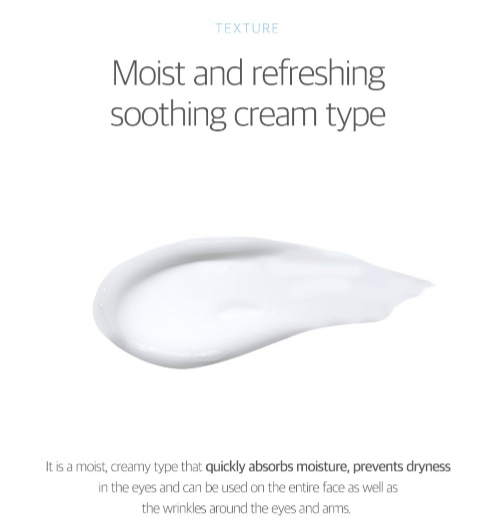 Round Lab - 1025 Dokdo Eye Cream 30ml.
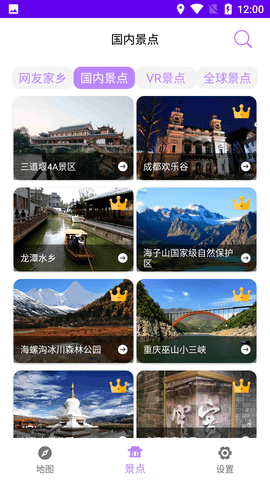 新北斗导航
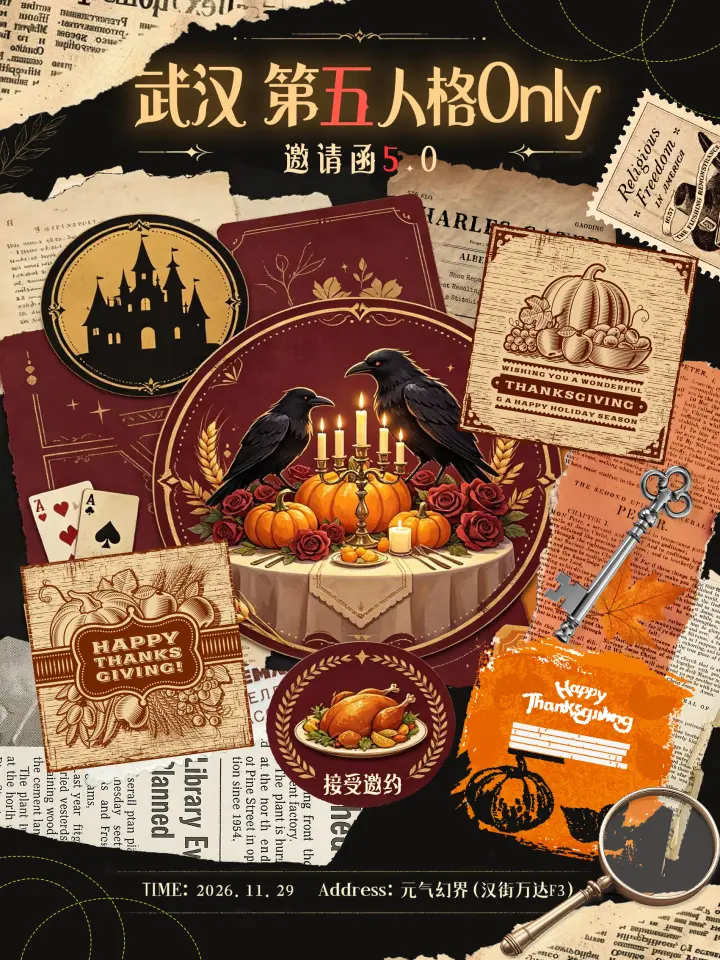第五人格同人ONLY邀请函5.0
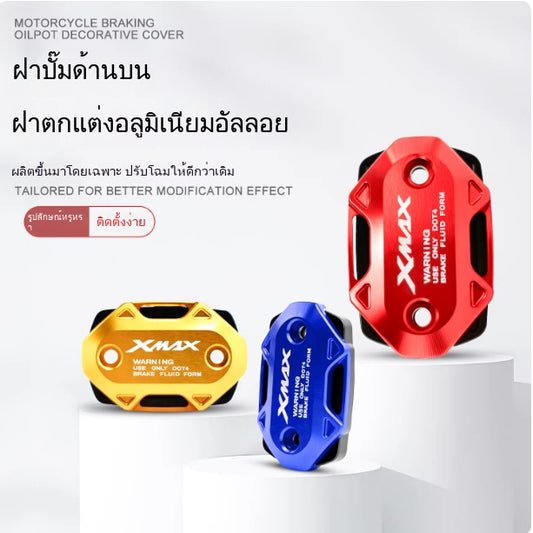 ฝาครอบปั๊มเบรกมอเตอร์ไซค์ ฝาปิดกระปุกน้ำมันเบรกอลูมิเนียมอัลลอย CNC เหมาะสำหรับ Yamaha NMAX 155
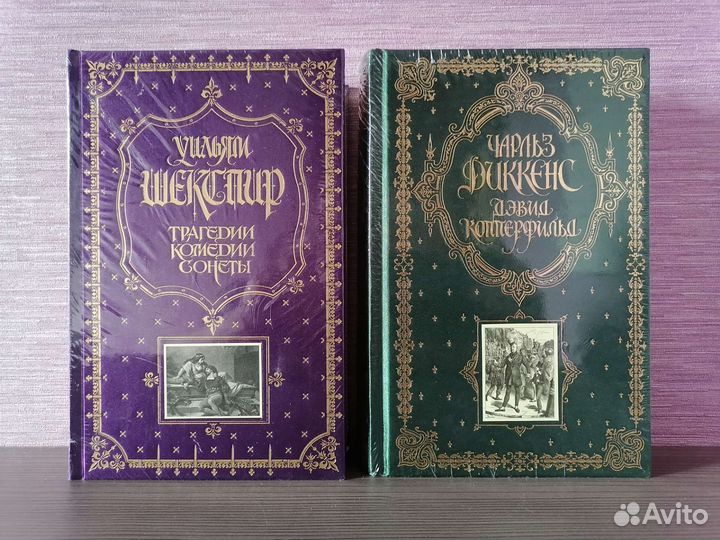 Книга в подарок Эксмо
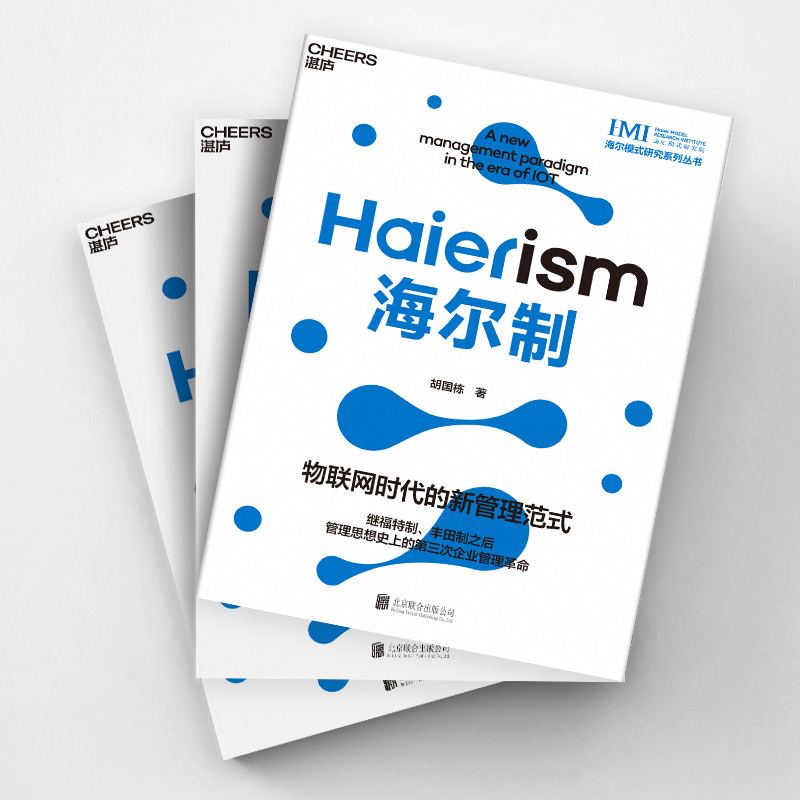 醉染图书海尔制9787559656902高清大图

### EXERCISE DETAILS
Copy nothing but the lines above from the one with "Yamaha NMAX 155" through the end of the material, word for word, and drop the pictures.

### ANSWER AREA
 ฝาครอบปั๊มเบรกมอเตอร์ไซค์ ฝาปิดกระปุกน้ำมันเบรกอลูมิเนียมอัลลอย CNC เหมาะสำหรับ Yamaha NMAX 155
 Книга в подарок Эксмо
 醉染图书海尔制9787559656902高清大图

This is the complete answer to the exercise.